Age UK fears changes to the way maximum payments are calculated will leave some with less money for food and heating.
But Housing Minister Grant Shapps rejected the claims and said elderly people would not be worse off.
Age UK says it is concerned elderly people will find it harder than others to move home or renegotiate their rent when the reforms take hold.
Policy director Andrew Harrop told the BBC: "We know from the government's own estimates that 80,000 older people are on local housing allowance and all of them would lose out, on average losing £12 a week, some of them losing £30 a week.
"One of our concerns is the government is expecting landlords to drop their rent as a result of this policy and we just don't know if that will happen."

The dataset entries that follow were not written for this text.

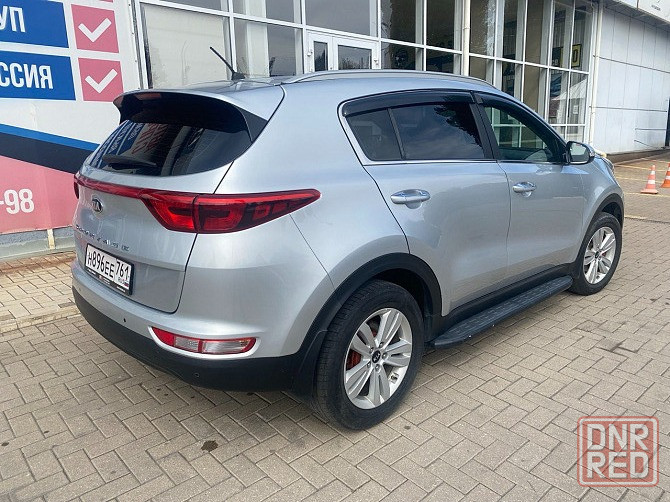 Kia Sportage 2016г. Макеевка - изображение 8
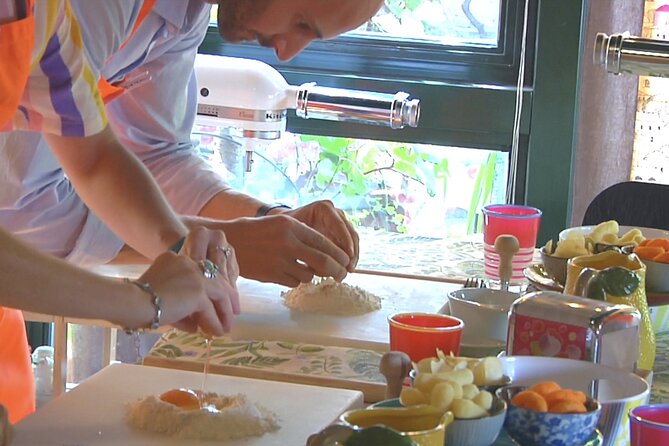 The Secrets to Learn Pasta and Gelato (Ice Cream) - Centralized Meeting Point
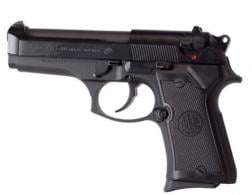 Beretta 92FS Compact 9mm 13+1 4.25 2 Mags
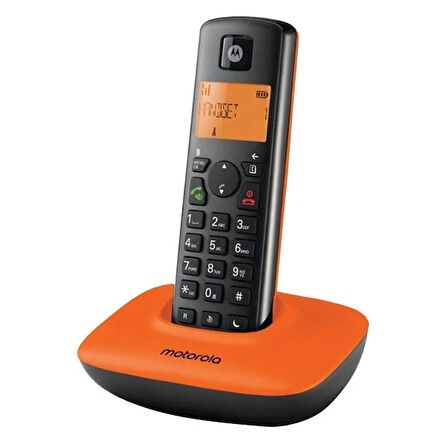 MOTOROLA T401+ DECT TELSİZ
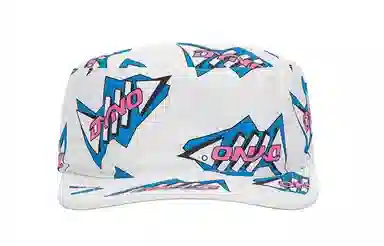 Vans Cap White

The National Landords Association said it was unrealistic to expect landlords to reduce rents.
Director Richard Price said: "What will probably happen is that there'll be an increasing number of landlords who take LHA tenants at the moment, simply not doing that in the future."
Housing benefit is paid to people on low incomes regardless of whether they work or not.
The coalition government wants to introduce caps ranging from £250 a week for those in a one-bedroom property to £400 for those in a four-bedroom property.
Mr Shapps said there were three reasons why he was confident the reforms would not make elderly people worse off.
He told BBC Radio 4's Today programme: "Number one... there's a very reasonable chance that the landlord may well reduce rents.
"Secondly, there's a very large discretionary fund - 14 times its current size - to help.
"And number three, even under a situation where someone does end up needing to move... the local housing allowance system means there's still up to one third of properties within your local area which you can move to."
The Department for Work and Pensions says it is committed to supporting the most vulnerable and plans an increase in discretionary housing payments.
The government says spending on housing benefit is out of control, costing the government around £21bn a year.
Labour has described the coalition's reforms as "reckless".